Related tags: Water, Recycling, Energy conservation

Better control of all processing plant equipment that uses energy can play a role in increasing efficiency and reducing costs for food and beverage manufacturers, claims a UK research group.

As the economic crisis tightens its grip, food businesses could be tempted to ditch their green credentials but there is a persuasive body of thought that believes companies that understand and emphasise the importance of moving to a low-carbon economy will reap the rewards for doing so.

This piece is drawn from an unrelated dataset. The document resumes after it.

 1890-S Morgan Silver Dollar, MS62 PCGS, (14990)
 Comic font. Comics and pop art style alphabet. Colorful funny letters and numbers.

Compounding this argument are the potential financial gains, and a presentation from the International Food Information Service (IFIS) at the recent Anuga FoodTec show in Germany highlighted where the food and drink manufacturing sector could generate such energy and cost savings.

Energy efficiency

Professor Jeremy Selman, managing director of IFIS, claims energy reduction in plants can be achieved through a variety of methods including the use of heat exchangers in processing, the regular monitoring of the stack temperatures of boilers, minimization of the area and amount of refrigeration required and regular service and maintenance of electric motors.

He also encourages manufacturers to control air and light usage in processing plants by “checking for and preventing leakage in compressed air systems and implementing fine control of air conditioning systems, using energy efficient lighting and incorporating timer devices to avoid lighting areas unnecessarily.”

Moreover, food and drink processors should avoid the overheating or overcooling of products, continued Selman.

Water recycling

And the reuse of water in a facility can also initiate further cost saving exercises, he argues.

“Avoiding the use of hose pipes alone to clean floors where sweeping and hosing combined would substantially save water use, while purified waste water that is of potable standard could be utilized for use in food production, cooking and other processing activities,”​ said Selman.

In addition, purified waste waters of non-potable standard can be clean enough for use in cooling and heating systems, for washing equipment, toilet flushing and other similar uses, he added.

Waste reduction

According to the professor, it is also possible to increase efficiency by minimizing waste and he suggests reducing the possibility of contamination or spoilage of raw materials through the regular maintenance and correct calibration of equipment and the detection of foreign objects.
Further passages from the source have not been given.